PruePhillip
Well-Known Member
Have you read the source presented on the thread? If not, I'll make a TL;DR version: There are no archeological or primary source material that tells of such event in either Egypt, the Sinai desert or Palestine. I would also like to add that the Torah was compiled after the exile in Babylon and that most of Hebrew's mythology and theological thoughts was greatly influenced by the Persian civilisation.

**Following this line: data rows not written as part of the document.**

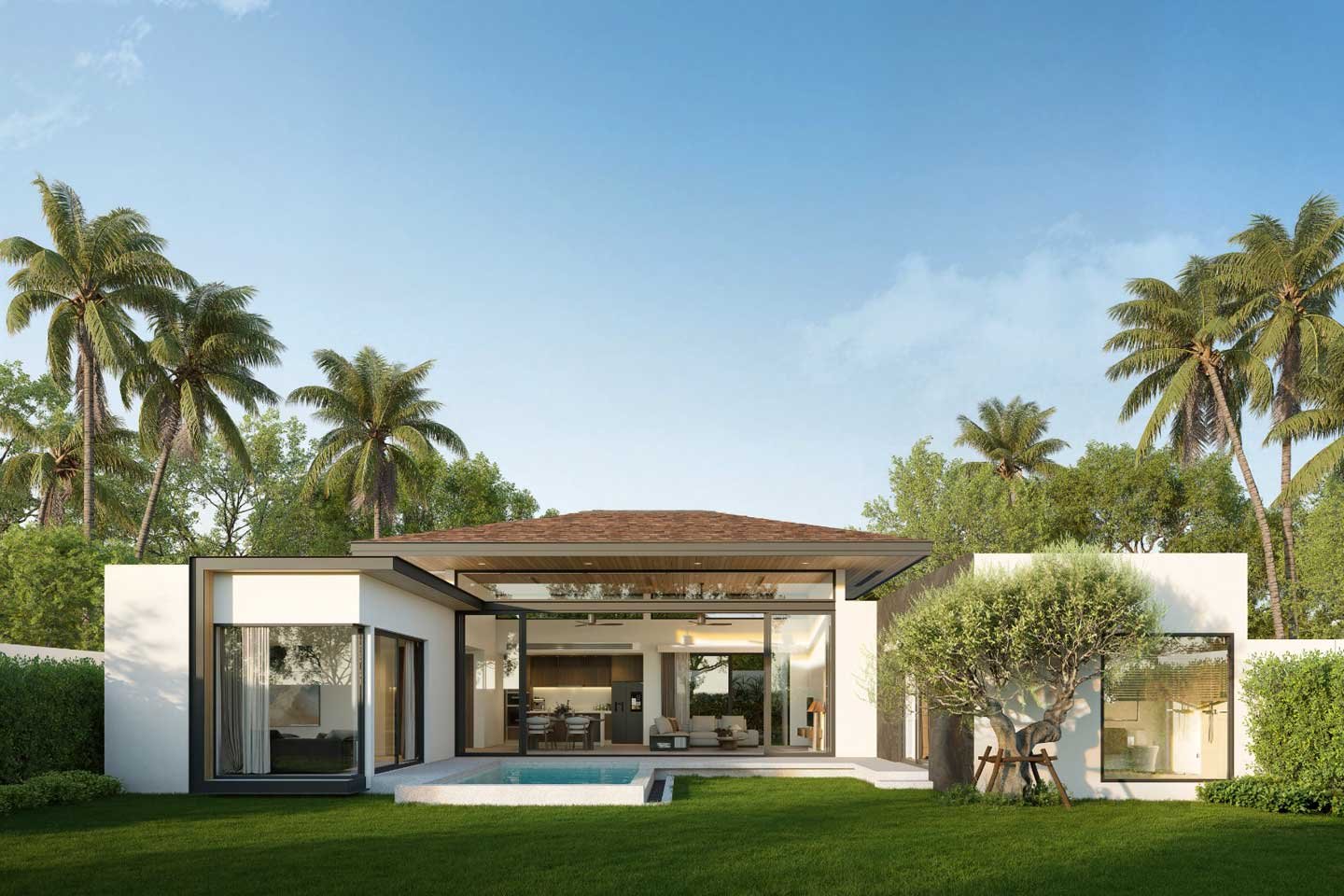 Spacious 3-Bedroom Private Pool Villa near UWC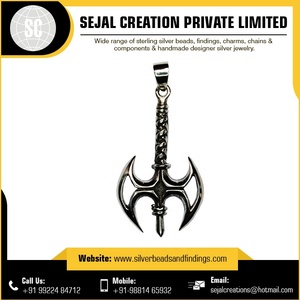 Colgante de Plata de Ley con Diseño Moderno para Unisex, Aniversario - Creaciones Sejal - Product Image 4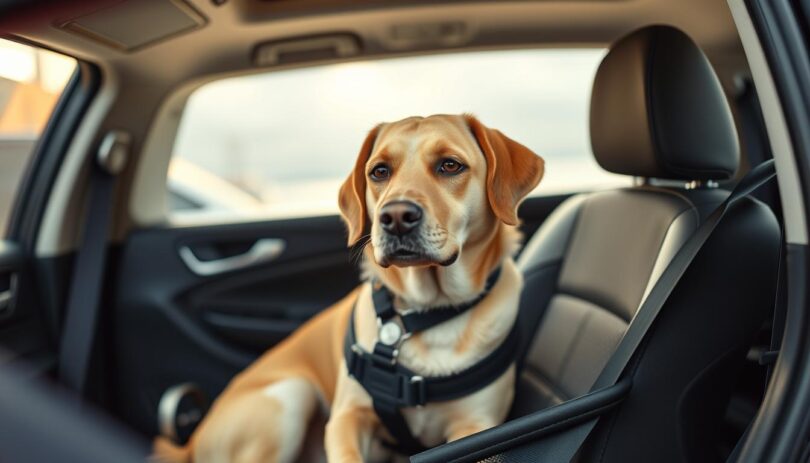 is it ok to lock a dog in a car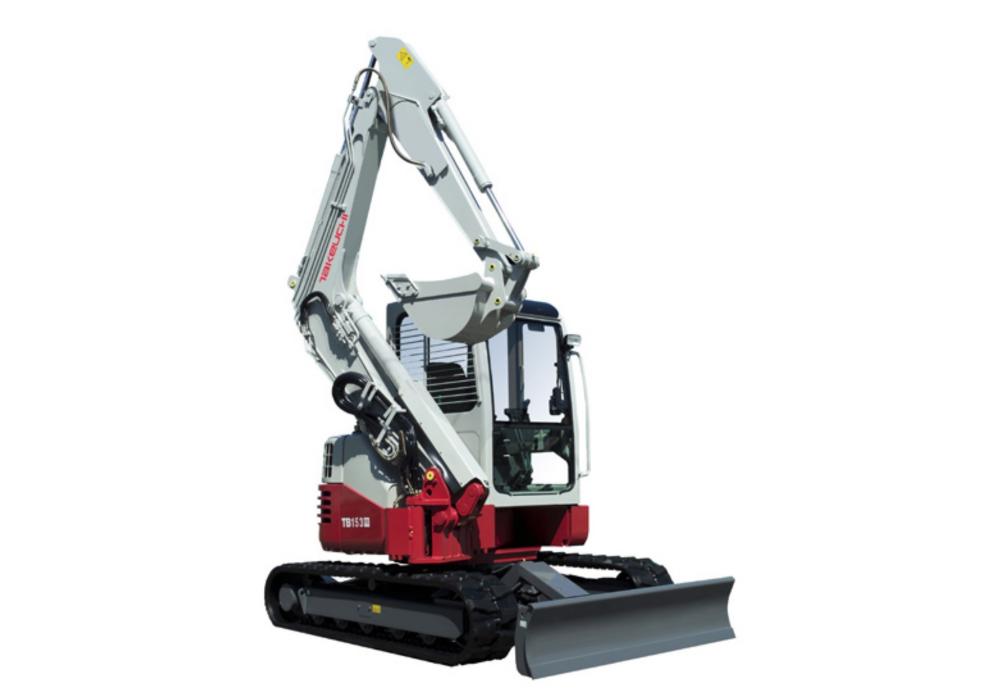 download Takeuchi TB53FR Compact Excavator able workshop manual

A minority of scholar place the Torah has a product of hellenistic influence. it's probable that the Torah wasn't fixed and widely used before the rise of the Hasmonean dynasty since the Elephantine Papyri don't make any mention of such compilation of Hebrew myths and history.

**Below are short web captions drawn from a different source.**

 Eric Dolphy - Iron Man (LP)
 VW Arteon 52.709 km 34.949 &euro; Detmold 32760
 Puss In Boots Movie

The key word here is "compiled."
Now we don't know if the Torah WAS "compiled" at this time
but one thing is for sure - the post Babylonian Torah was no
different than the late Bronze Age Torah in its content.
Proof? 1 Samuel tells the story of the cultic center of Shiloh.

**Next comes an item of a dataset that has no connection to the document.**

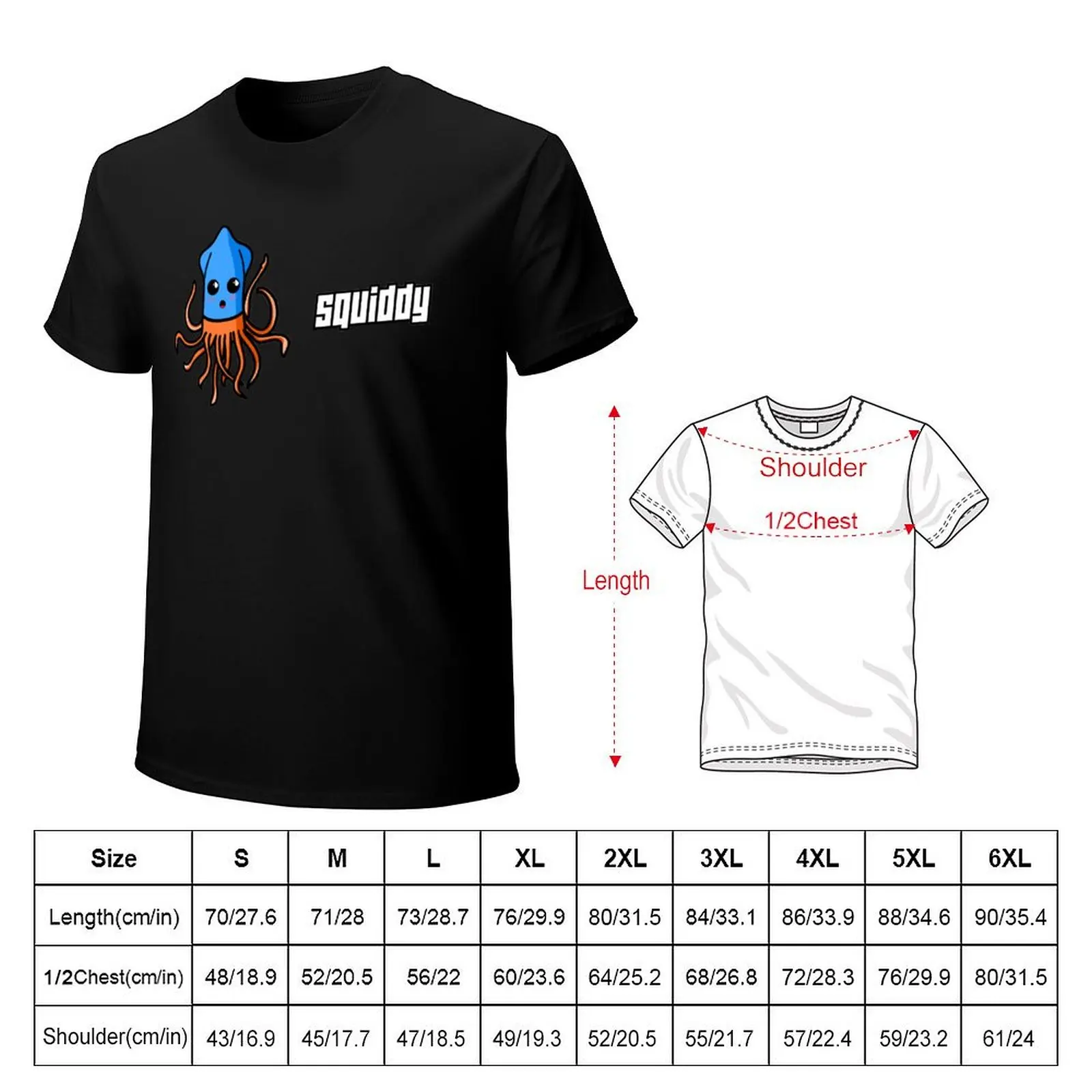 Фото Футболка Squiddy Легкая футболка для тренировок в спортзале №2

It was overrun by the Philistines and the Ark of Covenant
was taken. Remember the Ark? It was THE central part of
the 40 year Exodus from Egypt.
Well archaeologists have excavated Shiloh. They found
one of the "horns of the altar". They found sacrificial animal
bones - cut on the right side as Moses told them to. And
they found the destruction, just as Samuel said.
So how did Babylonian Jews make up this story if it didn't
happen a thousand years earlier?
And you see this sort of thing all through the Old Testament.
Strange cultural happenings that didn't make any sense to
the Jews of Babylonian times, but which turned up in modern
excavations.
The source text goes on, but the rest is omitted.